November 8, 2008

Mommy Moment #3

This one is going to be titled, 7 things I'd do differently if we had a second child.

#1 - Warning, this may be flameworthy for some. I was gung-ho about breastfeeding this time around. Unfortunately, Angelica was never able to properly latch on, so I switched to almost exclusive pumping/bottle feeding. Every time I fed her formula, I'd cry and cry over what a failure I felt I was and how much better she deserved. Thinking back on it now, the pumping took so much valuable time away from her during the early weeks...she was eating about once every 90 minutes, so it a cycle of feed (20 minutes), pump (20 minutes), clean and sterilize pump parts (15 minutes), rest 20 minutes (notice that totals about 80 minutes).
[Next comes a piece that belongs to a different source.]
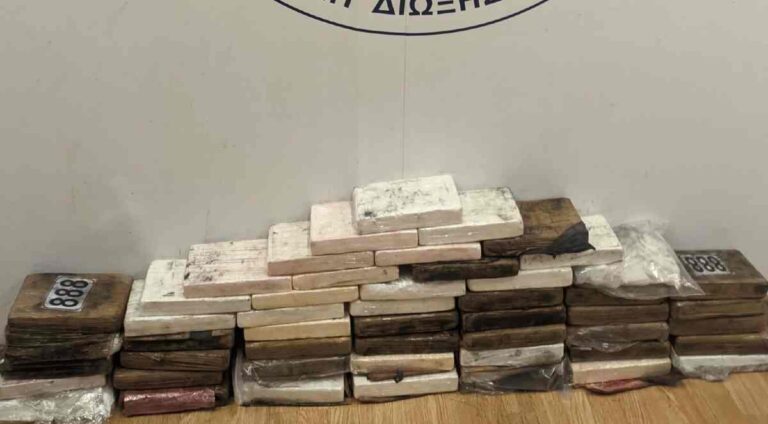 ΓΑΔΑ: Κατασχέθηκαν 57 κιλά κοκαΐνης σε εμπορευματοκιβώτιο στο λιμάνι του Πειραιά (φωτο)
I kept this up for three months, but my supply didn't keep up with her demand and we wound up supplementing. The day I quit was the best day I'd had up until that point. If I had to do it all over again, I'd formula feed from the start.
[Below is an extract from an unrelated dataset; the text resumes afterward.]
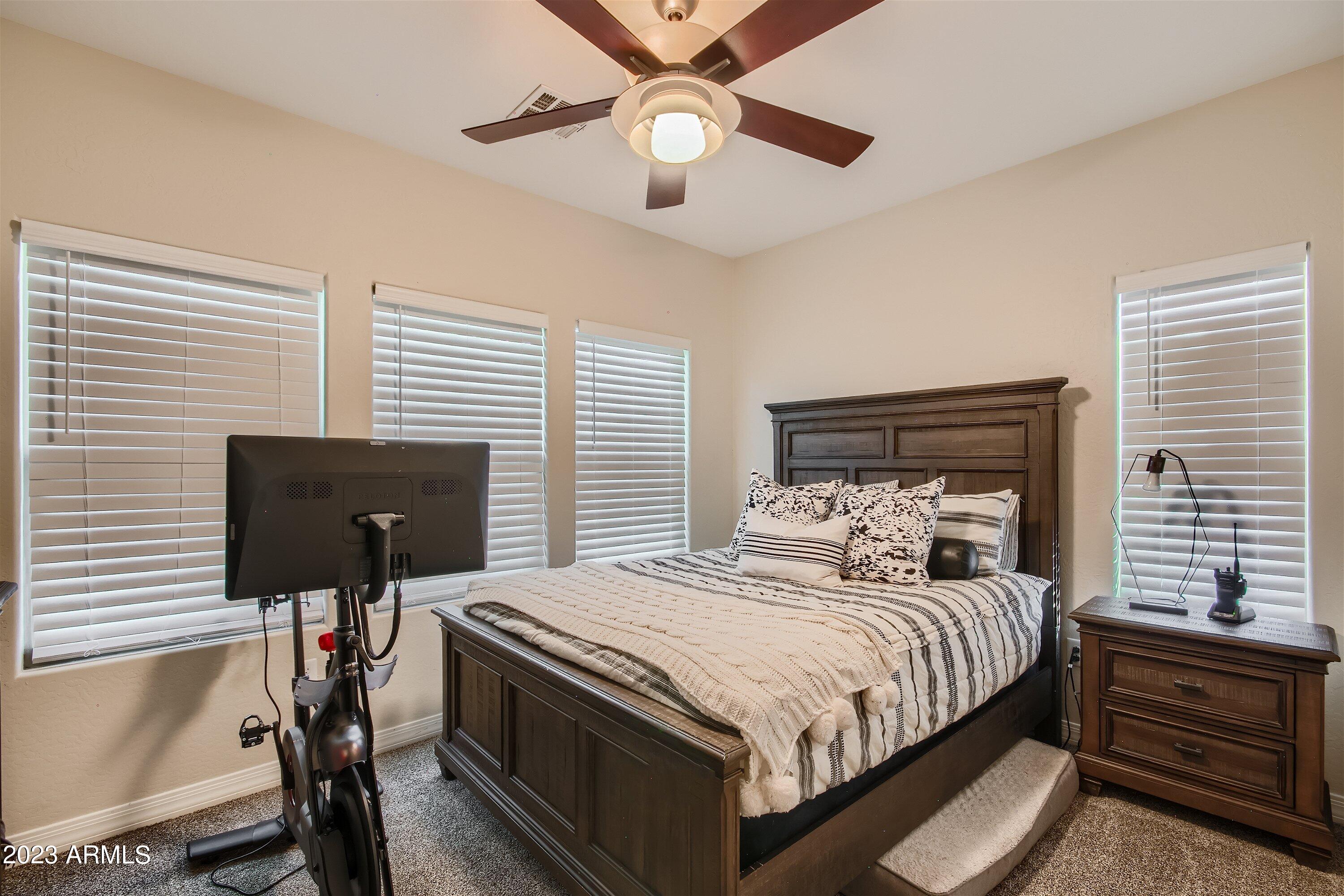 5550 N 16TH Street Unit: 113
#2 - I'd take a longer maternity leave. This time, we weren't prepared for the fact that my short-term disability stopped paying after 4 weeks (and that was with having a c/section!). I had 3 weeks of sick/vacation time banked, so all I got was 7 weeks...4 of which were at 60% pay. If we ever had a second child, I'd know better and have a lot more saved so that I could take the full 7 weeks to be home.
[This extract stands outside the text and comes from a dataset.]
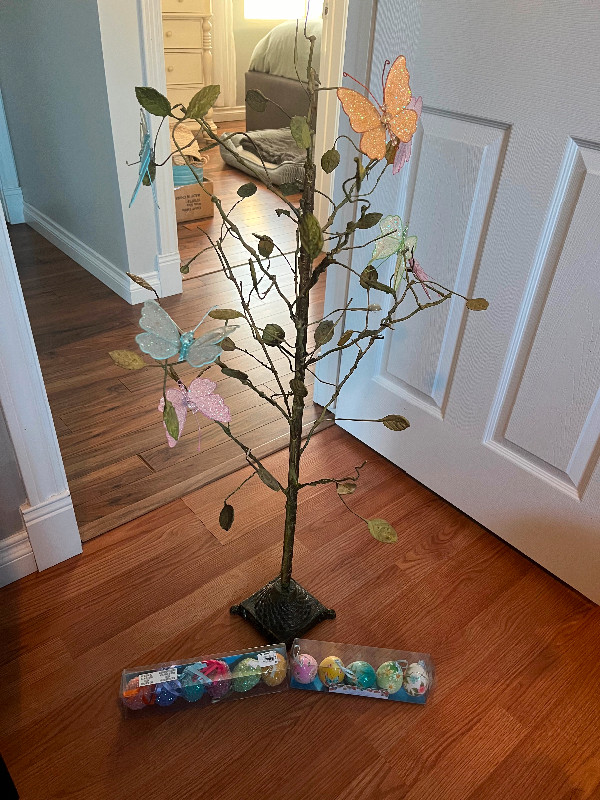 Easter/Spring tree with decorations in Holiday, Event & Seasonal in Thunder Bay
#3 - I'd take more video. I have three or four videos from Angelica's early days but as she grows and changes I wish I had more to look back on. I remember sitting with her in the early days thinking to myself, "Make sure you remember this" and just trying so hard to take it all in. In spite of this, I don't remember all that much. I guess that's part sleep deprivation and part nature.

#4 - I'd take better care of myself during pregnancy. The end of my pregnancy was HARD. I wasn't in good shape before getting pregnant, then things got out of hand with my blood pressure during pregnancy (which I still haven't recovered from), which put us both in jeopardy. If we were to ever have a second baby, I'd make sure to keep the weight gain in check and stay active.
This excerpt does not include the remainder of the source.